- Sri Lanka / India
- Dates: 15 August – 27 August 2026
- Captains: Dhananjaya de Silva / Shubman Gill

Test series
- Result: India won the 2-match series 1–0
- Most runs: Sonal Dinusha (420) / Devdutt Padikkal (328)
- Most wickets: Asitha Fernando (10) / Manav Suthar (16)
- Player of the series: Devdutt Padikkal (Ind)

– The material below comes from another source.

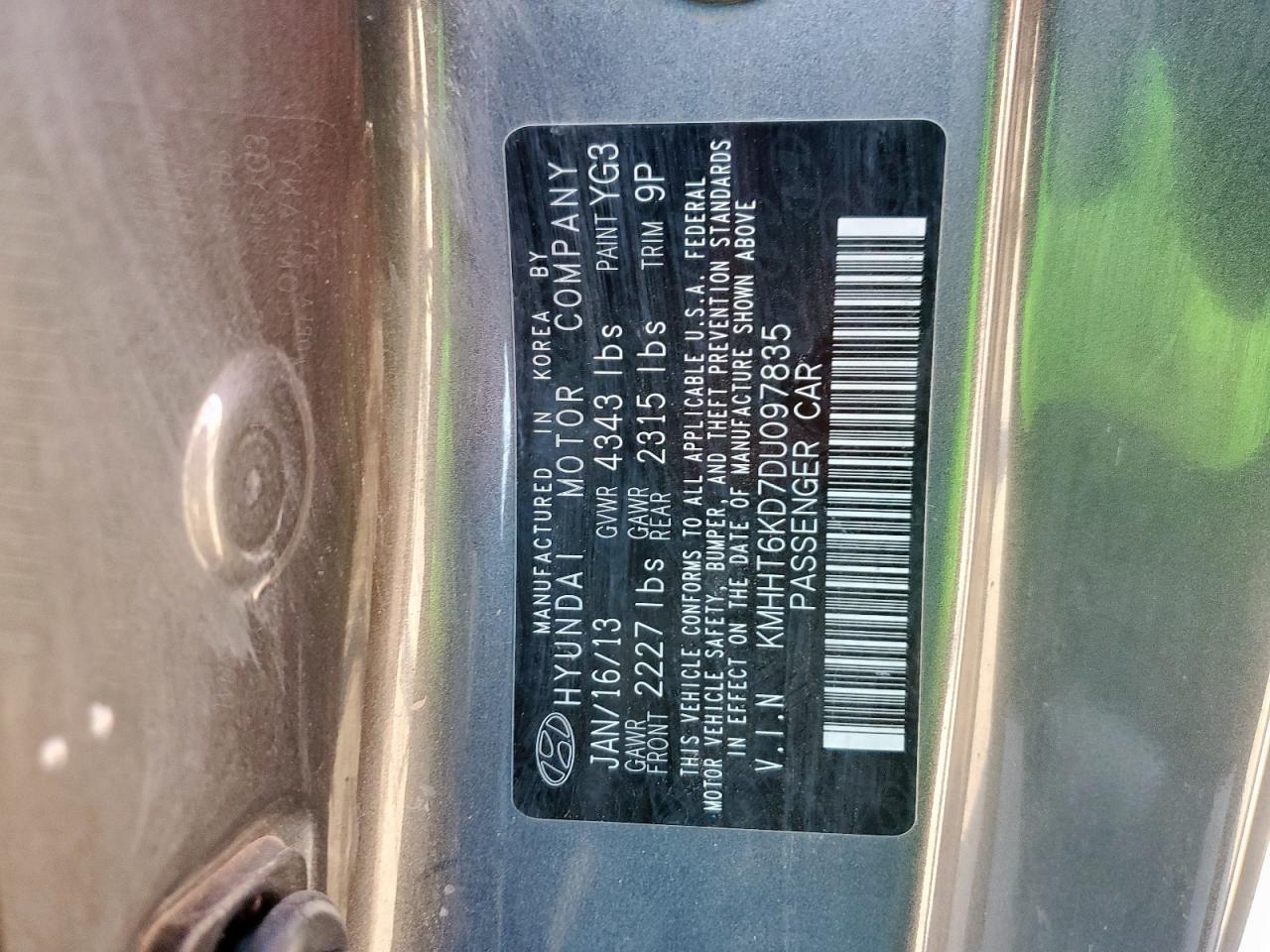 2013 HYUNDAI GENESIS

= Indian cricket team in Sri Lanka in 2026 =

International cricket tour

The Indian cricket team toured Sri Lanka in August 2026 to play two Test matches against the Sri Lanka cricket team. In July 2026, Sri Lanka Cricket (SLC) confirmed the fixtures for the tour. The Test series formed part of the 2025–2027 ICC World Test Championship.

==Squads==

| Sri Lanka | India |
|---|---|
| Dhananjaya de Silva (c); Kamindu Mendis (vc); Sahan Arachchige; Dinesh Chandimal (wk); Niroshan Dickwella (wk); Sonal Dinusha; Asitha Fernando; Vishwa Fernando; Prabath Jayasuriya; Lahiru Kumara; Dilshan Madushanka; Nishan Madushka; Ramesh Mendis; Kamil Mishara; Keshara Nuwantha; Milan Rathnayake; Pasindu Sooriyabandara; Lahiru Udara (wk); | Shubman Gill (c); KL Rahul (vc); Gurnoor Brar; Jasprit Bumrah; Ravindra Jadeja; Saransh Jain; Yashasvi Jaiswal; Dhruv Jurel (wk); Sarfaraz Khan; Prasidh Krishna; Auqib Nabi; Devdutt Padikkal; Rishabh Pant (wk); Mohammed Siraj; Sai Sudharsan; Manav Suthar; Washington Sundar; Kuldeep Yadav; |

On 3 August, Jasprit Bumrah was ruled out of the series due to a knee injury and was replaced by Auqib Nabi. On 9 August, Sai Sudharsan was ruled out of the series due to a toe injury and was replaced by Sarfaraz Khan.

On 21 August, Sahan Arachchige and Kamil Mishara were added to Sri Lanka's test team ahead of the second test with Dinesh Chandimal ruled out due to concussion and Nishan Madushka, Ramesh Mendis and Dilshan Madushanka dropped.

==Tour match==
Three-day match : Sri Lanka Cricket XI vs India

The Indian team played a three-day match against the Sri Lanka XI team.